Op 4 februari 2016 heeft de Rechtbank Zeeland-West-Brabant uitspraak gedaan in een belastingzaak waarbij de inspecteur van de Belastingdienst navorderingsaanslagen inkomstenbelasting en premie volksverzekeringen heeft opgelegd aan de belanghebbende over de jaren 1998 tot en met 2009. De rechtbank heeft in deze zaak te maken met een verzoek om geheimhouding van stukken die door een tipgever aan de Belastingdienst zijn verstrekt. De inspecteur heeft een beroep gedaan op artikel 8:29 van de Algemene wet bestuursrecht (Awb) om bepaalde stukken geheim te houden, waaronder memo's, ambtsedige verklaringen en een overeenkomst met de tipgever. De rechtbank heeft de geheimhoudingskamer ingeschakeld om te beoordelen of de stukken op de zaak betrekking hebbende stukken zijn en of er gewichtige redenen zijn voor geheimhouding.
De rechtbank heeft vastgesteld dat een deel van de door de tipgever verstrekte stukken geen op de zaak betrekking hebbende stukken zijn in de zin van artikel 8:42 van de Awb. Het verzoek van de inspecteur om beperkte kennisneming van de stukken is toegewezen, met uitzondering van bepaalde gedeelten van de overeenkomst met de tipgever en ambtsedige verklaringen. De rechtbank heeft de belangen van de inspecteur bij geheimhouding zwaarder laten wegen dan het belang van de belanghebbende bij kennisname van de stukken. De rechtbank heeft geoordeeld dat de privacy van de tipgever en de effectiviteit van de controlestrategie van de Belastingdienst zwaarwegende redenen zijn om bepaalde informatie geheim te houden.

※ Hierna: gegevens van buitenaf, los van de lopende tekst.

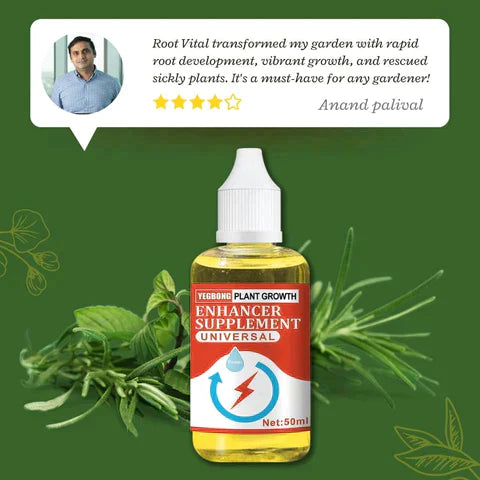 PLANT GROWTH ENHANCER SUPPLEMENT (BUY 1 GET 2 FREE)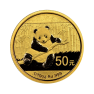 1/10 troy ounce gouden Panda munt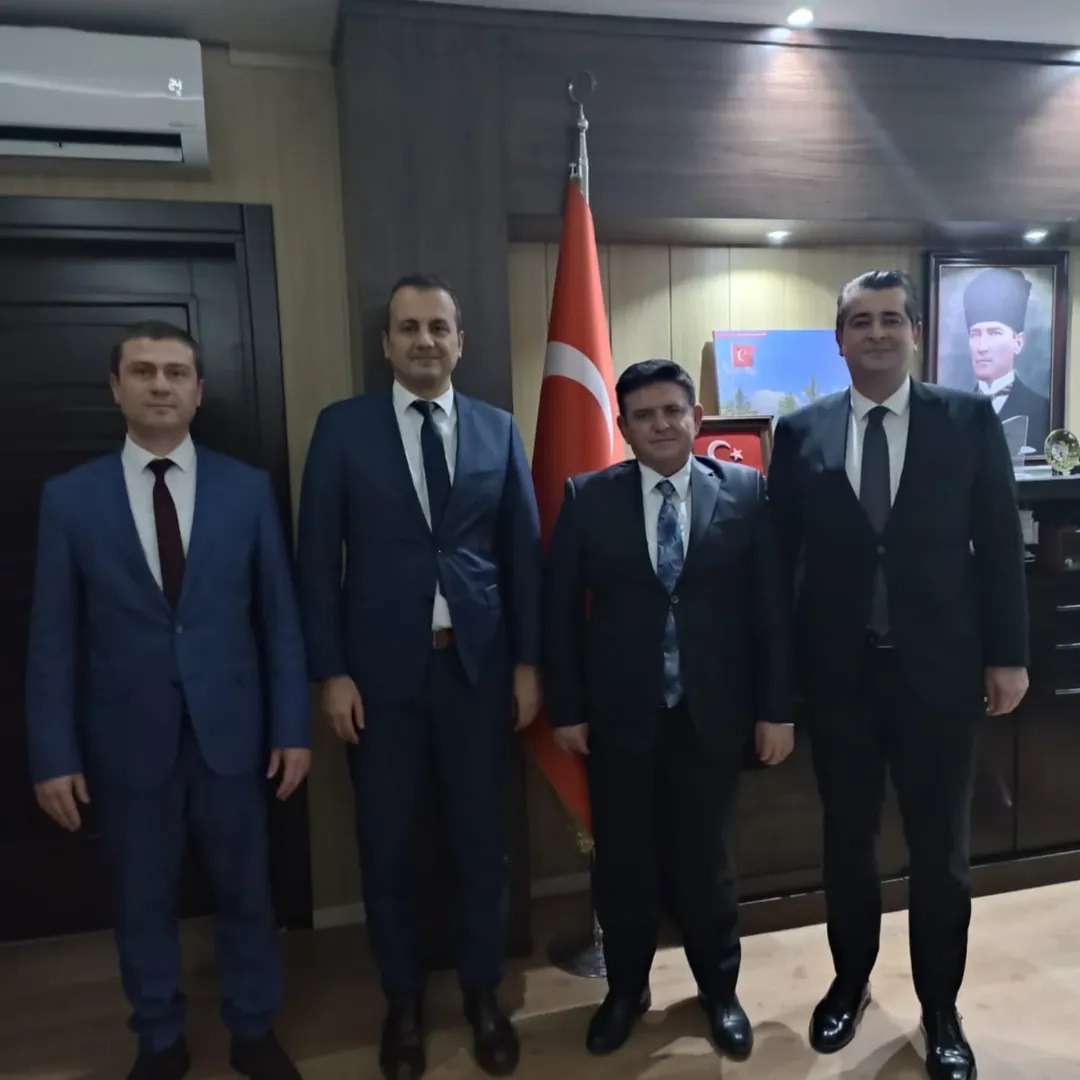 Afyonkarahisar Defterdarlığına Üst Düzey Ziyaret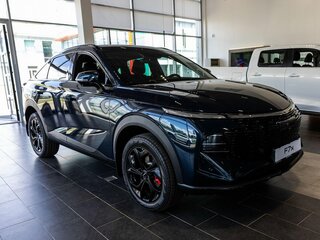 2026 Haval F7x II, синий, 3799000 рублей, вид 3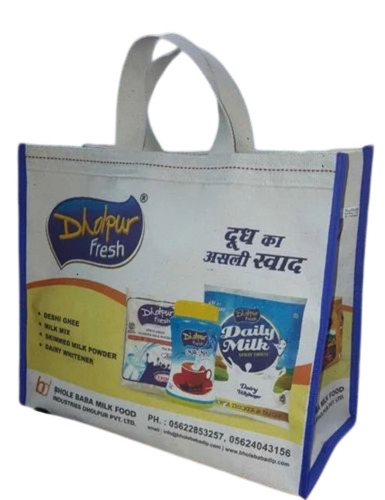 Promotional Canvas Bag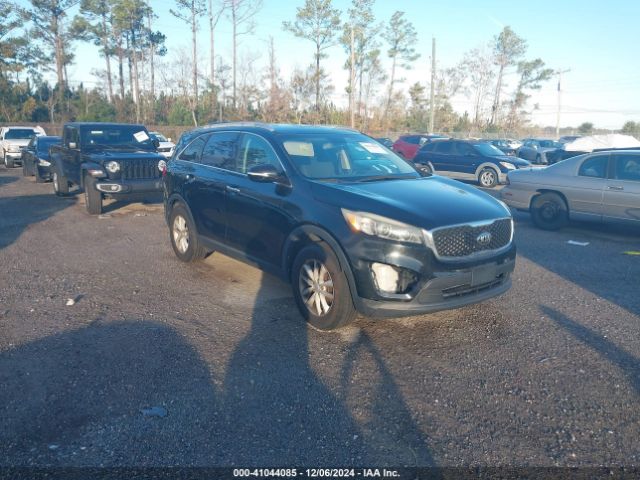 kia sorento 2016 5xypg4a39gg059482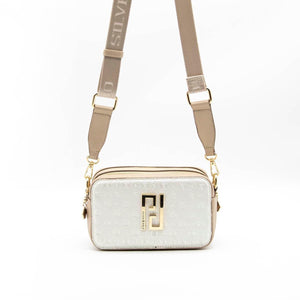 Silver & Polo Sedef - S.nut SP1078 Kadın Çapraz Çanta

De uitspraak benadrukt het belang van geheimhouding in belastingzaken, vooral wanneer het gaat om informatie die afkomstig is van tipgevers. De rechtbank heeft de inspecteur in de gelegenheid gesteld om binnen vier weken na de uitspraak de geschoonde stukken over te leggen, met uitzondering van de passages waarvoor het verzoek om beperkte kennisneming is toegewezen.